All of the stories are accompanied by drawings that illustrate the pranks and show the boys themselves as puckish scamps with nothing but an eye for mischief. But although there have been a number of English language translations of the Max and Moritz stories, they have never, in my view, crossed over into the English children’s literature canon in the way that other foreign language story collections such as Hans Andersen, the Brothers Grimm or even Struwwelpeter have managed.
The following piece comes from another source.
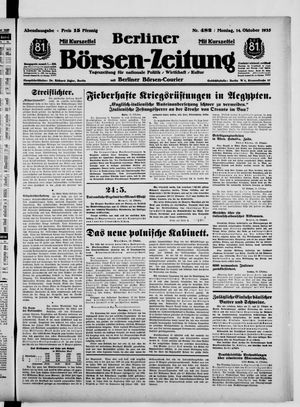 Berliner Börsen-Zeitung vom 14.10.1935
I wonder why that might be?
A number of other websites that give some space to the Max and Moritz stories comment on the fact that the stories never really became popular in the UK but without really offering any explanation for why that was ( and still is ) the case and I too struggle to explain it. The drawings and the depictions of the characters certainly look very European but that hardly seems a reason to reject them – other characters from Europe have been popular while having the same sort of cultural traits as Max and Moritz. The violence of the cautionary tales can hardly be a reason why they haven’t captured UK imaginations either – in fact we seem to like our fairy tales pretty bloody if you stop and think about it and a good many of those have their roots in what we now call modern day Germany. I also don’t think it’s down to slack marketing or poor presentation because there have been a number of attempts to launch reprints of the stories here in the UK and although the presentation and graphics have been great but still we seem able to resist.
So, ultimately I have no logical answer to the question of why Max and Mortiz never became stars of UK children’s literature. I can only say it’s down to that mysterious thing we call ‘chemistry’ – which is just another way of saying that it’s impossible to guess what will fly and what wont when it comes to storytelling. What Max and Moritz do tell us is that there is no formula that can be followed and no guarantee of success in capturing young imaginations that can be packaged in order to have a well-loved children’s book.
Maybe this is something that should give all those television personalities pause for thought as they line up to be the next big thing in the world of children’s literature?